## Exercise prompt
Write out again only the lines between the one with "Ocean World Mini" and the end of the records below, both ends counted, and don't include the pictures.

________

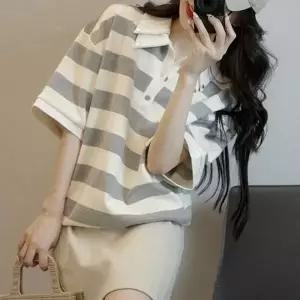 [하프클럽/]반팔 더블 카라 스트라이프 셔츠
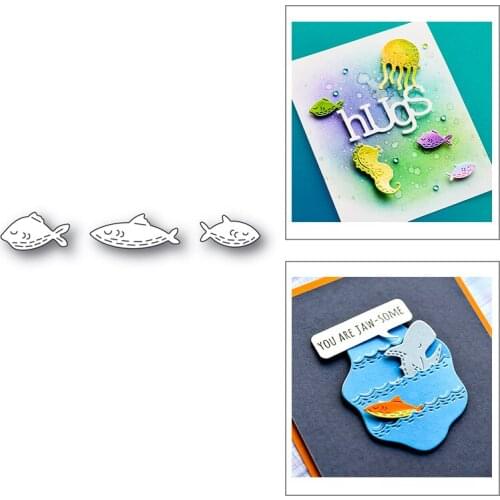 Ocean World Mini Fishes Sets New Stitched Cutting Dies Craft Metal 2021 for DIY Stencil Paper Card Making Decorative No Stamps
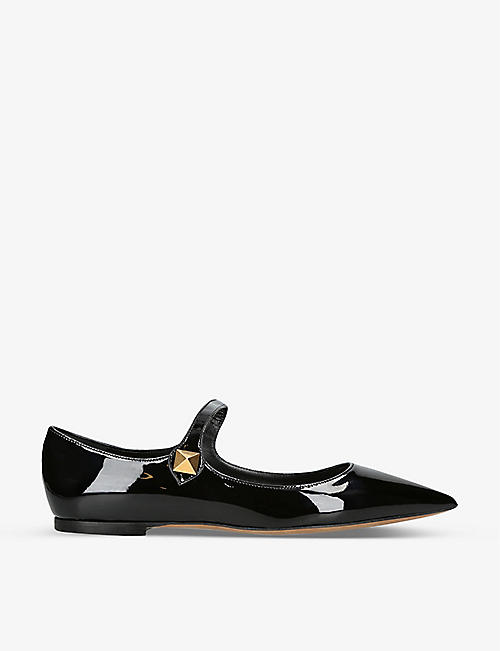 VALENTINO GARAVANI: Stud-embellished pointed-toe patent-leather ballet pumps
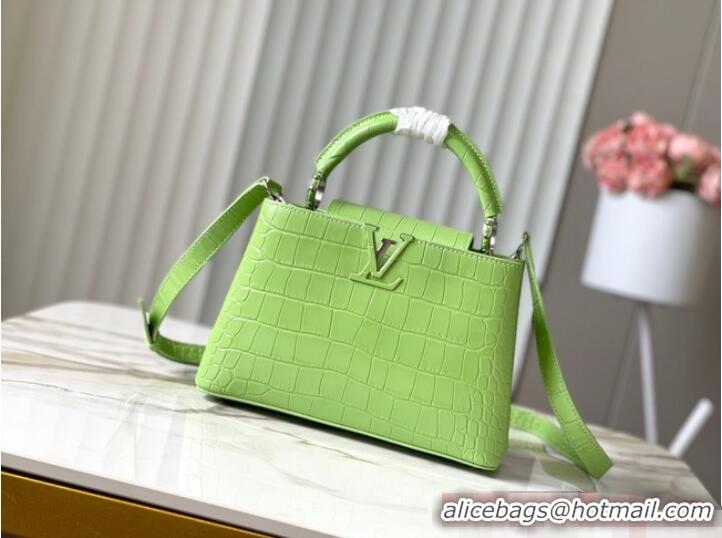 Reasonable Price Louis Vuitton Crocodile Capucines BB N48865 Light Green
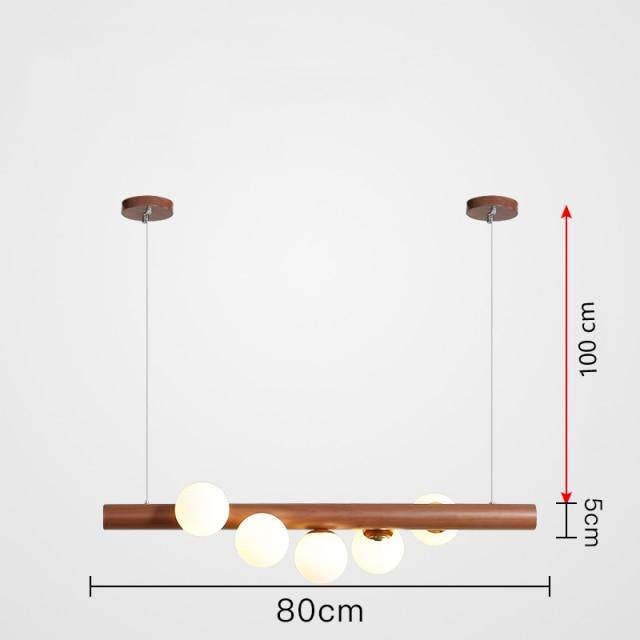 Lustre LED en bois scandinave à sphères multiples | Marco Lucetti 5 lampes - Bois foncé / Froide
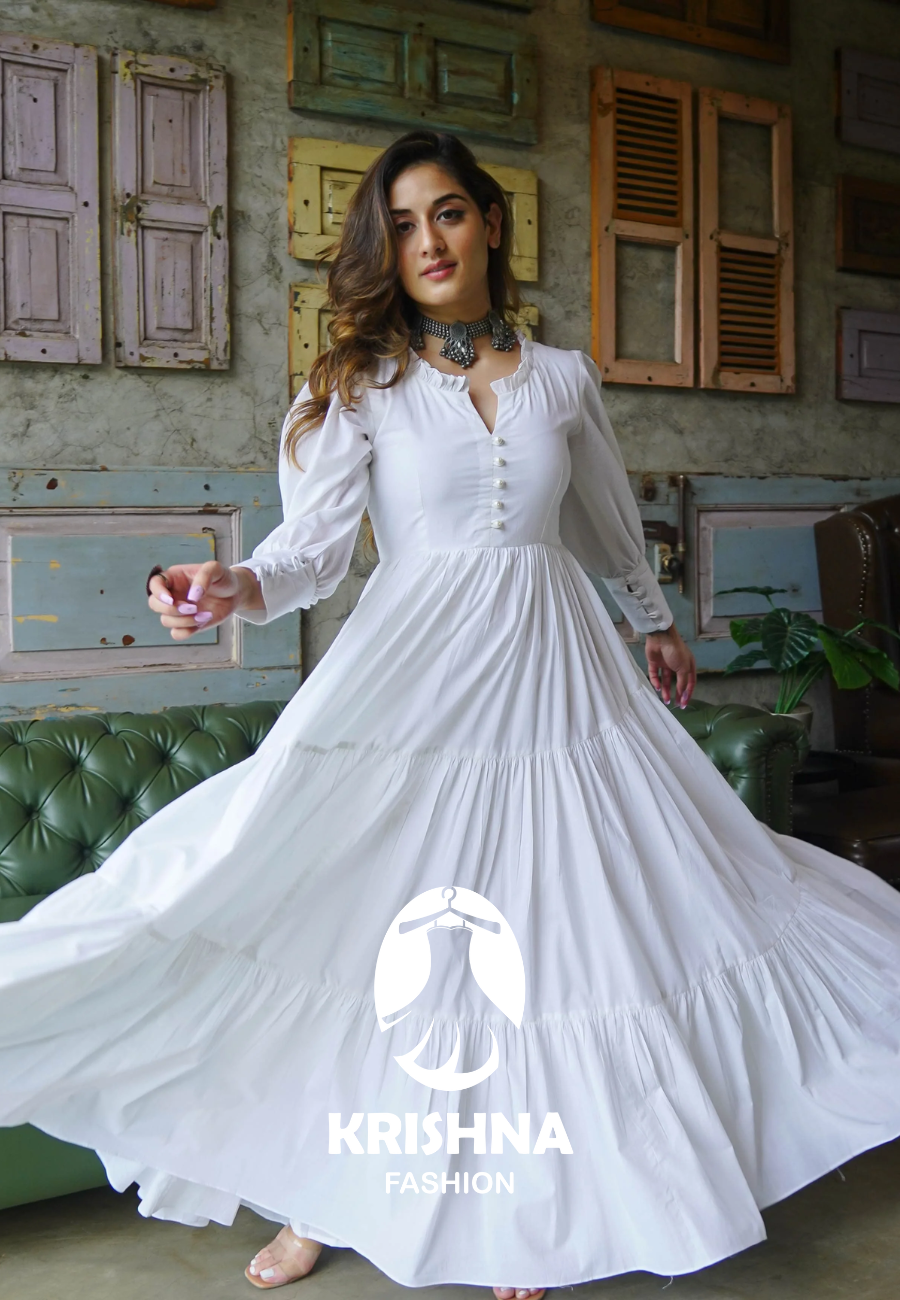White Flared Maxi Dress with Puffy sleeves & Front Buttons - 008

________

## Task output
 Ocean World Mini Fishes Sets New Stitched Cutting Dies Craft Metal 2021 for DIY Stencil Paper Card Making Decorative No Stamps
 VALENTINO GARAVANI: Stud-embellished pointed-toe patent-leather ballet pumps
 Reasonable Price Louis Vuitton Crocodile Capucines BB N48865 Light Green
 Lustre LED en bois scandinave à sphères multiples | Marco Lucetti 5 lampes - Bois foncé / Froide
White Flared Maxi Dress with Puffy sleeves & Front Buttons - 008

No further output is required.